The main other reasons to not apply depended on the funding source considered: for bank financing it was a lack of financial history, for subsidies the process was considered too cumbersome, for angels and venture capitalists it was a fear of losing control, and crowdfunding was considered too complicated and time consuming.
Two out of three high growth ventures aim to raise external financing in the future, with most aiming for bank debt. On average, about half of ventures aspire to raise between €100,000 and €500,000.
While most entrepreneurs indicate knowing about the existence of different financing sources, about 15 percent of low growth ventures and 7 percent of high growth ventures do not understand basic financial concepts such as compounded interest.
Veroniek Collewaert: “The good news here is that the vast majority of entrepreneurs luckily does get very basic financial concepts. However, if up to 15% of entrepreneurs does not know what compounded interest means, we need to be worried about the popularity of debt. It means they do not fully understand the implications of taking on debt.”
Founders of high growth ventures have a higher level of knowledge of financial management, competencies that increase the probability of wanting to raise external equity financing in the future.
Seventy-two percent of young, high-potential ventures had at least some sort of a social tie to a finance professional before founding, complementing their know-how.
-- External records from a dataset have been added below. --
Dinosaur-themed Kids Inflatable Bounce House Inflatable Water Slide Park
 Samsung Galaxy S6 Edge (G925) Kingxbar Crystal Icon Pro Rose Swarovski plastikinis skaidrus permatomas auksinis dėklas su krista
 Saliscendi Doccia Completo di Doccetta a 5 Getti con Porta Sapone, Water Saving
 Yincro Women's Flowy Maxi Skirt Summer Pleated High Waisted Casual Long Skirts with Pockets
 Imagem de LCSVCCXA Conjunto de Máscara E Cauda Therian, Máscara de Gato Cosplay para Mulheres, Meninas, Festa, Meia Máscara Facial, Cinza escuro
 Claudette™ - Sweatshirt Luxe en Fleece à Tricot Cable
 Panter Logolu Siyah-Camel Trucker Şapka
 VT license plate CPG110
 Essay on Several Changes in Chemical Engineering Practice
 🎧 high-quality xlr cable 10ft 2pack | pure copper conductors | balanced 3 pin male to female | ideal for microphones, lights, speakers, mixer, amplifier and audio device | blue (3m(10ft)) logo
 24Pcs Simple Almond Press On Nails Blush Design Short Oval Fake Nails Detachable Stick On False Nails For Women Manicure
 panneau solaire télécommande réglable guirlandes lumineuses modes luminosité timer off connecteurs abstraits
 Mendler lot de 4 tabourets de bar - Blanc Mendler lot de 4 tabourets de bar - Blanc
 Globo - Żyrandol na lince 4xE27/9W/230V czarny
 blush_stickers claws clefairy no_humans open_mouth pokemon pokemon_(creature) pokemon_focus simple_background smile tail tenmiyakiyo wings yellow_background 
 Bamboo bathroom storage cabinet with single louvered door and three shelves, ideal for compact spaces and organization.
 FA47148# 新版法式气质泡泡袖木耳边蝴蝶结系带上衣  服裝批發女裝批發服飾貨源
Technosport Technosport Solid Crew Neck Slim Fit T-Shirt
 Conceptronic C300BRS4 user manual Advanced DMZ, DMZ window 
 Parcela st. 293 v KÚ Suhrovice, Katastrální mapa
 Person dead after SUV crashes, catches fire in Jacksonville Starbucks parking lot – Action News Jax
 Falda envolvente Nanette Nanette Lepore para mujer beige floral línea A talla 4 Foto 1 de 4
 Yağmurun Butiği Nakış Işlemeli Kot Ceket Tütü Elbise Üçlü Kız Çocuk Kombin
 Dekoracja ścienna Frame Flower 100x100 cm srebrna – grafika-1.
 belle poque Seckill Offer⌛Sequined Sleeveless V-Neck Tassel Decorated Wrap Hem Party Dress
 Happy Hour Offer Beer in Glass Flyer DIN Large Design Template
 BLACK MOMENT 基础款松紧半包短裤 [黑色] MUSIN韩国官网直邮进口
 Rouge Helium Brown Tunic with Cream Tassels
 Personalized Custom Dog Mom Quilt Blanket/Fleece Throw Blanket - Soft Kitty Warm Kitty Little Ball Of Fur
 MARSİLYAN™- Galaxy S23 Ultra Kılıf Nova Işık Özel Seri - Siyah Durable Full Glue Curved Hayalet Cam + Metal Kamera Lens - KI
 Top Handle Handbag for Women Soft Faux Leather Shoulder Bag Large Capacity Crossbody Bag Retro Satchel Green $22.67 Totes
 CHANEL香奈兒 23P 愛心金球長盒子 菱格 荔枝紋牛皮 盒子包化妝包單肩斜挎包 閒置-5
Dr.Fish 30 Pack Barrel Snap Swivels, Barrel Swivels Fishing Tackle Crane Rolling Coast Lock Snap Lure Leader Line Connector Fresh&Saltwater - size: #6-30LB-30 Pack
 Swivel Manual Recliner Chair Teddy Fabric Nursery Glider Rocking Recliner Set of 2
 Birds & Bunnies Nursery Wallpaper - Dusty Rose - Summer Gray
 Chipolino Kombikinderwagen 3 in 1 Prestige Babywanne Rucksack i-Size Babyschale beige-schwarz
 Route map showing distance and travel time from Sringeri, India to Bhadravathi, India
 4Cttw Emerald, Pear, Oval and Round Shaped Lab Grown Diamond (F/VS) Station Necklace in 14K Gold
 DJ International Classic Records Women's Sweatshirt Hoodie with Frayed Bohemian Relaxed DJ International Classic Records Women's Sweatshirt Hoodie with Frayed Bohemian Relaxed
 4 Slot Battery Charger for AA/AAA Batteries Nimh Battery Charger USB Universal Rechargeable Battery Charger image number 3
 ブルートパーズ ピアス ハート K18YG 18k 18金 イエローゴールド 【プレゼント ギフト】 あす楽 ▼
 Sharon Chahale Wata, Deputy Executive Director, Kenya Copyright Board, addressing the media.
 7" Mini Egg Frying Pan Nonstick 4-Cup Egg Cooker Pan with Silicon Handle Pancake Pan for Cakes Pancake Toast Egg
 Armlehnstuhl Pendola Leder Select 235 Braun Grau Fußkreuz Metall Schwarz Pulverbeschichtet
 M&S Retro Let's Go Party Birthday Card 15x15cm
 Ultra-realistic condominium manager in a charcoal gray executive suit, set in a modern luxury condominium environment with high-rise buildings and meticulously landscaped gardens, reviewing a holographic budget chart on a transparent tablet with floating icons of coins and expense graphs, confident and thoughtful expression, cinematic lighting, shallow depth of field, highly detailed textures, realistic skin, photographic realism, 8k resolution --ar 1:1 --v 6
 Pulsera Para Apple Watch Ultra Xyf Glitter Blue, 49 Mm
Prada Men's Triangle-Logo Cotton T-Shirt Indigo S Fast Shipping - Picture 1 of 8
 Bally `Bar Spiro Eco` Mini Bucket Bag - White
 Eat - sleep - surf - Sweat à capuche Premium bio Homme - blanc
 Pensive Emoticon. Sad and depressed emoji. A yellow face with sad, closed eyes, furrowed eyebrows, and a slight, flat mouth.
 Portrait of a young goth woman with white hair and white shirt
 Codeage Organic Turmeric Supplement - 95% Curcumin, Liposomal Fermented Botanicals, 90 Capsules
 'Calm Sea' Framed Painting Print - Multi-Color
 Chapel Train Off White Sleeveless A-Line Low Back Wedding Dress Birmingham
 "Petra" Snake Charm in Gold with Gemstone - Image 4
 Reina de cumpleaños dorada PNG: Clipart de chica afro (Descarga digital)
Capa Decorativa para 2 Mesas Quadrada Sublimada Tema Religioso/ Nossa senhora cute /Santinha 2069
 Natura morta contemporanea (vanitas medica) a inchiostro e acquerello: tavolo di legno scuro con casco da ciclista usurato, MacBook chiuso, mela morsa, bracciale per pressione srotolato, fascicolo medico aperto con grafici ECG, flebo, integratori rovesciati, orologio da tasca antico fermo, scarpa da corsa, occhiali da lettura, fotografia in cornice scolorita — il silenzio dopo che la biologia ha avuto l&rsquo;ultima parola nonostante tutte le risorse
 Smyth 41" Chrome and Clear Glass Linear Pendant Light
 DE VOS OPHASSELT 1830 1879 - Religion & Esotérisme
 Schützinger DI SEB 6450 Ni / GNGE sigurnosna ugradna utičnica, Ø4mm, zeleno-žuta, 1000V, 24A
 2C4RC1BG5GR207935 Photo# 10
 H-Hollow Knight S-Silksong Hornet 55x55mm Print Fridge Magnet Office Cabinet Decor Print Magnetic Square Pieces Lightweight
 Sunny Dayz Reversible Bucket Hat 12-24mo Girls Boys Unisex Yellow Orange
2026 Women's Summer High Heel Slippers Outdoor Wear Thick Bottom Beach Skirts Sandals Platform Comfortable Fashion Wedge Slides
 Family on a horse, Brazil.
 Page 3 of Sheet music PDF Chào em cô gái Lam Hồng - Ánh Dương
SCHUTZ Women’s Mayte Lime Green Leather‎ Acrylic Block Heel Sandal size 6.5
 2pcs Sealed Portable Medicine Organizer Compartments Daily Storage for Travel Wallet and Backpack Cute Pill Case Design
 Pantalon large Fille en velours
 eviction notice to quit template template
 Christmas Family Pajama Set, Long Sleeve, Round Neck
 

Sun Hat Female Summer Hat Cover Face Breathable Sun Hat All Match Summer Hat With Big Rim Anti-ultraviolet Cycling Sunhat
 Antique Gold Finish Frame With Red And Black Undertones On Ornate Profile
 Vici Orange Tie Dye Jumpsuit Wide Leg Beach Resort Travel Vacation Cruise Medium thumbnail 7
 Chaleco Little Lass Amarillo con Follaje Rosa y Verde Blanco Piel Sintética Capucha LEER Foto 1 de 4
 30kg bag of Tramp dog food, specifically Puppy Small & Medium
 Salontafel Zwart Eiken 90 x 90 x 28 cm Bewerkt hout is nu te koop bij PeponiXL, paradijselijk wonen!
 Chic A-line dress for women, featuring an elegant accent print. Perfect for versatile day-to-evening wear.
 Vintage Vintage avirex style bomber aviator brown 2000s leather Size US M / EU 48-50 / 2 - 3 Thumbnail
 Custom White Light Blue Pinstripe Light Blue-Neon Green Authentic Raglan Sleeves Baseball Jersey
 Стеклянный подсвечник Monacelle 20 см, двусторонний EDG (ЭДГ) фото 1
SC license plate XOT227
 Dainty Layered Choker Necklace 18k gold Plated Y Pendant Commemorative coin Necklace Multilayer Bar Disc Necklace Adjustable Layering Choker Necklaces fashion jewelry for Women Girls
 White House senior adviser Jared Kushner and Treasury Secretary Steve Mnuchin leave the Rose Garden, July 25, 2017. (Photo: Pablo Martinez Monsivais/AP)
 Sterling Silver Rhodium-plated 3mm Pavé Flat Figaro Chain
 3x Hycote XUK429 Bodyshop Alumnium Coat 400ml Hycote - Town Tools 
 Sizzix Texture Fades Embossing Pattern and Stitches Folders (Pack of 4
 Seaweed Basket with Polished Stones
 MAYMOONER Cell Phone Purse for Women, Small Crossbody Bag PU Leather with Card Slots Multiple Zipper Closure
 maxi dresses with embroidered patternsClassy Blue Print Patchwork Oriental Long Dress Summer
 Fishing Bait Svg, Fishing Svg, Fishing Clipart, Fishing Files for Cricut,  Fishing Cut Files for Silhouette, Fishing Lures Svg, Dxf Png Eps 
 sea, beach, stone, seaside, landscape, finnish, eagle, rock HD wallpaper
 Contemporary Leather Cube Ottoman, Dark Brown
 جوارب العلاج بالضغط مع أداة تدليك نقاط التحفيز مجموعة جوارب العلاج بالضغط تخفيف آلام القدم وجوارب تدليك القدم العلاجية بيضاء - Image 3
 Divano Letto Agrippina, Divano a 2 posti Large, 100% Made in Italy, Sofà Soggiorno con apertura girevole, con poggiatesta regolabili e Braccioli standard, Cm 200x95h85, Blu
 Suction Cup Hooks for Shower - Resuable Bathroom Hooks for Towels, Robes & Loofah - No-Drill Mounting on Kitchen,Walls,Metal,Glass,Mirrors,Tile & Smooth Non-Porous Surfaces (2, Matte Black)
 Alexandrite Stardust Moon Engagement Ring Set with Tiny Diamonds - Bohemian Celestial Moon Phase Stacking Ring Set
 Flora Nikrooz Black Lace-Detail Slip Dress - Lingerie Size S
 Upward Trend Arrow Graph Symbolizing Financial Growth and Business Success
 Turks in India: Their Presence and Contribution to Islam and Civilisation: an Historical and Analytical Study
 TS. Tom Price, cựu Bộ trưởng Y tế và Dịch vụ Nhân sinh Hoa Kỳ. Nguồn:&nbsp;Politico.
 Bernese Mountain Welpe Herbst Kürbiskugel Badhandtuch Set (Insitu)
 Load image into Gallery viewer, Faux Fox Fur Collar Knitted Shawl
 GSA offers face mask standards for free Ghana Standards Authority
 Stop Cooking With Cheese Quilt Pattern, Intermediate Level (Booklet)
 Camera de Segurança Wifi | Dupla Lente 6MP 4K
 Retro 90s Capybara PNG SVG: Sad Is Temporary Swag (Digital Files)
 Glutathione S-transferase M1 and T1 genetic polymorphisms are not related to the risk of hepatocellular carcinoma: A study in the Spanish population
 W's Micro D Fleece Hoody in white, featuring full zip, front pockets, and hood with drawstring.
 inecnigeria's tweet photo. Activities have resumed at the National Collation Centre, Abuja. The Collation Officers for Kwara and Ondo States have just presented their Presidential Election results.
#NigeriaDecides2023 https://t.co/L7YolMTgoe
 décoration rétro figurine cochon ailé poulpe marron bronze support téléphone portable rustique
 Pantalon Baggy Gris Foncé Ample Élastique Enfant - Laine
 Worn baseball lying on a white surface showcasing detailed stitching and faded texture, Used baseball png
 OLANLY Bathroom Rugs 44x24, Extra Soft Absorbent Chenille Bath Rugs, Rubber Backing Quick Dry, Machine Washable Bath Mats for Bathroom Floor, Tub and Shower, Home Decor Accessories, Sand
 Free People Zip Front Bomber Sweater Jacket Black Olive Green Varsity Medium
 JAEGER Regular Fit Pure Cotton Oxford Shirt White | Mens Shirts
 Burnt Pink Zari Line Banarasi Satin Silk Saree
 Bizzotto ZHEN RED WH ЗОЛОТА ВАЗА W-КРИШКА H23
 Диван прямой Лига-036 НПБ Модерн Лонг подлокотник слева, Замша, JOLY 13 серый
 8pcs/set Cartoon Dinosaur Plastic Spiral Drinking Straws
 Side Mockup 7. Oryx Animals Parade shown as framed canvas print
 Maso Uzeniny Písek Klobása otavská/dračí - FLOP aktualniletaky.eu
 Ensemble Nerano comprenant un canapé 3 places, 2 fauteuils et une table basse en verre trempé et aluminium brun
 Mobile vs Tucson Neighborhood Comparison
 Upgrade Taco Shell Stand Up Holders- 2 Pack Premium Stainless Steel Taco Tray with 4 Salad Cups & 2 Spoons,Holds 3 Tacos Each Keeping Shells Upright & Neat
At founding, founders pay themselves on average around €34,000 per year. Interestingly, low growth venture founders pay themselves more, around €44,000 (median: €25,000), while high growth venture founders receive around €23,000 (median: €0).
For founders of both, the minimum base pay is €0, while the maximum base pay is higher for the low growth venture founders (€600,000) than for the high growth venture founders (€190,000).
The Rising Star Monitor is part of the Centre for Excellence in Scale-ups. With this initiative, Vlerick Business School and Deloitte Belgium want to gain vital knowledge about the main difficulties that young companies with growth potential face in Belgium. The Scale-up Masterclass programme is part of this initiative as well.